The true poet sees things not always as they are, but as they ought to be. He insists upon congruity and consistency. Such a life should be in such a spot, under such circumstances; and no unwarped and unpolluted mind can fail to see that the poet's ideal is the embodiment of God's will. The poet's Indian is very different from the real native American who has been exposed to the corrupting influences-of the white man's civilization. The poet insists on seeing in the American Indian a noble manhood, simple tastes, freedom from all conventionality, heroic fortitude, and all those romantic qualities which a free forest life seems so well calculated to engender. He looks upon the deep, mysterious woods, traversed by nameless streams; the majestic mountains, haunted by shadows; the broad lakes, swept only by the wind and the wild man's oar, and he says: "it is fitting, and only fitting, that out of such a realm should come such a life." Which is the better and the more truthful Indian—that of the poet, or he who drank the rum of our fathers and then scalped them? The poet's village is the model village, and the poet's Indian is the model Indian. Both are built of the best and truest materials that God furnishes, and we see that when the actual village and the real Indian are tried by the poetic standard, they are tried by the severest standard that can be applied to them. The poet's ideal embodies God's ideal of a village and an Indian.
The grand, basilar idea of American institutions is human equality—the idea embodied in the American Declaration of Independence, that men are created free and equal, each with an independent, and all with a co-ordinate, right to life, liberty, and the pursuit of happiness.
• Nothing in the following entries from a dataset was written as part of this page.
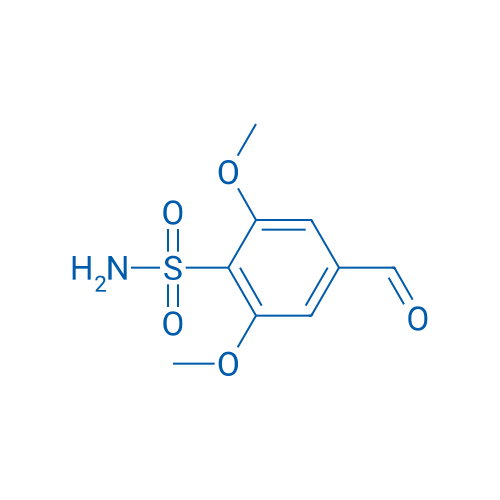 4-Formyl-2,6-dimethoxybenzenesulfonamide 250mg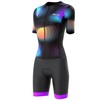 Sikma Women’s Half Sleeve Trisuit Breathable Mesh Triathlon Padded Suit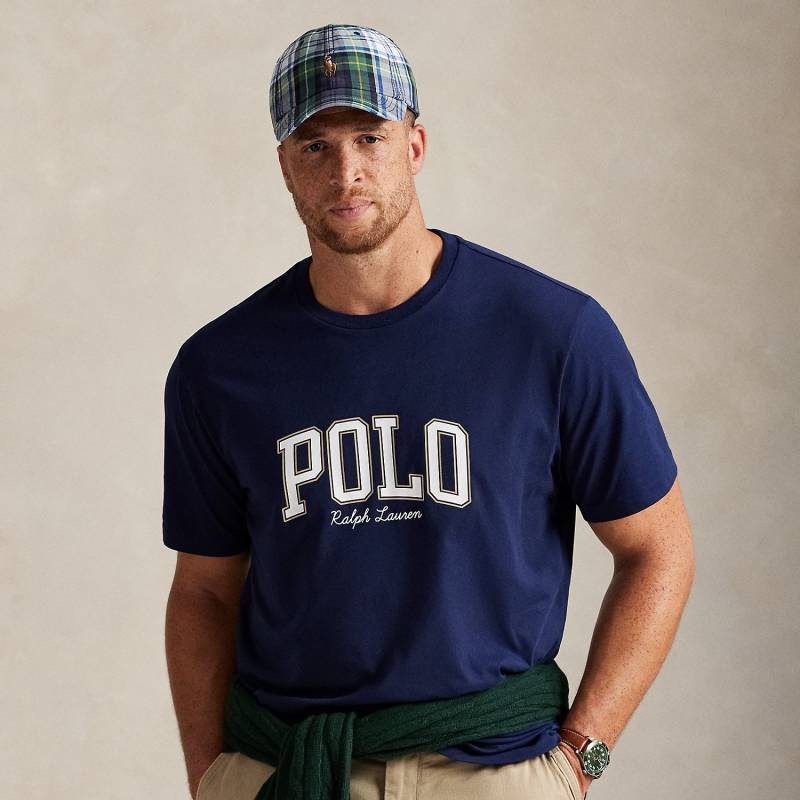 Große Größen - Jersey-T-Shirt mit Logo von Big & Tall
There is in this idea the highest poetry, because it is the transcendent truth; and there is no true poetry this side of the highest truth. Poetry follows the universal law, and is dependent for its quality upon its materials. In the degree in which its materials are fictitious and artificial, is it poor and false. The Pilgrim's Progress is essentially better poetry than the Paradise Lost, because it contains more of the truth as it is in the divine life of man.
The poetic test, then, is practically a very valuable one, in all the important matters that relate to our life. Much of that which is miscalled poetry has been based upon arbitrary and artificial distinctions in human society and human lot. The poet has often sung of thrones and palaces, of kings and queens, of men and women of gentle blood, of barons and knights and squires, of retainers and dependents, of patricians and plebeians, and thus drawn his grand interest from distinctions in which God and Nature have had no hand. There may be romance, fancy, imagination, sentiment, and even instruction in such compositions as these, but there is no poetry. They have not in them the immortal life and the motive power of truth. We have only to carry distinctions thus attempted to be glorified to their logical results to land in the slavery of the masses to the over-mastering few. Now there never was, and there never can be, any poetry in slavery. Since time began no true poet has undertaken to write a line in praise of slavery. Poets have always been, and they must necessarily forever be, the prophets and priests of freedom. Multitudes of men have undertaken to justify slavery by the Bible, by expediency, by history, by necessity, by philosophy, by the constitution of the country; but no man ever undertook to justify it by poetry. The most brilliant prize offered by a national committee for the best poem in praise of human slavery, would not be able to draw forth a single stanza from any man capable of writing a line of true poetry. Philosophical defences of slavery can be purchased, political justifications can be had at the small price of a small office, and Christian apologies to order, but, thank God! not one line in praise of slavery could be written by a true poet, if the wealth of the world were to be his reward.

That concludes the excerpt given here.